Surfing the Wave Between Chaos & Order

I attended the Houston TechFest this past weekend.  There were several really good sessions in the Agile track.  A portion of the session "Self-Organizing Teams - Chaos or Triumph?" by Robbie Mac Iver had a very powerful and simple message I'd like to pass on.  He began the section of his presentation by showing just one word:

CHAOS

...and asked what we think of when we picture a chaotic team.  Our answers were:

  • Unpredictable results
  • Difficult to manager
  • Free
  • Disorganized
  • Confused
  • Experimental
  • Innovative

Then he added another word:

ORDER

... and asked what we think of when we picture an orderly team.  Our answers were:

  • Consistent
  • Easy to manage
  • Confined
  • Organized
  • Process-driven
  • Stifled
  • Regulated

He then pointed out that both chaos and order have good and bad aspects. Though wild, a chaotic team is free to experiment and be innovative, and though easier to manage, an orderly team's innovation can be stifled.  So there is a line between chaos and order, and it's on that line that an Agile team rides.  But the line is not a straight line.  It moves back and forth over the life of a project.  Sometimes a team is more orderly and other times they are more chaotic.  Looking at it this way, the line is really a wave between chaos and order alternately drifting between the two.

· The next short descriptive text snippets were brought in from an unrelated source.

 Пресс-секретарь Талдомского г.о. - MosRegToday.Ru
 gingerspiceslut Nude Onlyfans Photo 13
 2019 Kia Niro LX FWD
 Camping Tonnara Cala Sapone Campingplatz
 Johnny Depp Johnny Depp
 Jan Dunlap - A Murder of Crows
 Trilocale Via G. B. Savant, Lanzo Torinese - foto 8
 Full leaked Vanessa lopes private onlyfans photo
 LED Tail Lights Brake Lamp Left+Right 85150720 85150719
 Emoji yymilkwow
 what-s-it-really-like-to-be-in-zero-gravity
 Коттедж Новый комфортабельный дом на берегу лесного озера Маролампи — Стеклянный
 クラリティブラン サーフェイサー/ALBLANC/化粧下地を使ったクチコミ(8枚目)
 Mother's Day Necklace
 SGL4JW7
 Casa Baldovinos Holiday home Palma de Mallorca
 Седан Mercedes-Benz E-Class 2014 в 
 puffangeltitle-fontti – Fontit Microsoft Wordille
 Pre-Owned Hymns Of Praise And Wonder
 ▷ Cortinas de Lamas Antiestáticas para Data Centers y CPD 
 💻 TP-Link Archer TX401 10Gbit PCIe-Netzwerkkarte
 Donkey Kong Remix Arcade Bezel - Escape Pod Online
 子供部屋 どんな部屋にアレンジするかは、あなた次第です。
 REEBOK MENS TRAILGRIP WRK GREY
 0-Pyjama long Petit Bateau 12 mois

Taking that a step further we can say that Agile teams "surf" this wave through the life of the project. And like surfing it is easy to fall.  A team can very quickly fall into too much chaos and become uncontrollable. And just as quickly a team become too ordered where no new ideas are sparking.
The diagram made me think of yin and yang which is an Eastern philosophy that describes complementary opposites that interact within a greater whole, as part of a dynamic system.  It is the perfect symbol to represent an ideal Agile team having equal (yet varying) parts chaos and order.



One of Scrum's tag-lines (as well as one of it's founder's website) is Control Chaos.  This is the essence of Scrum.  Just enough chaos to be free thinking and just enough order to be successful.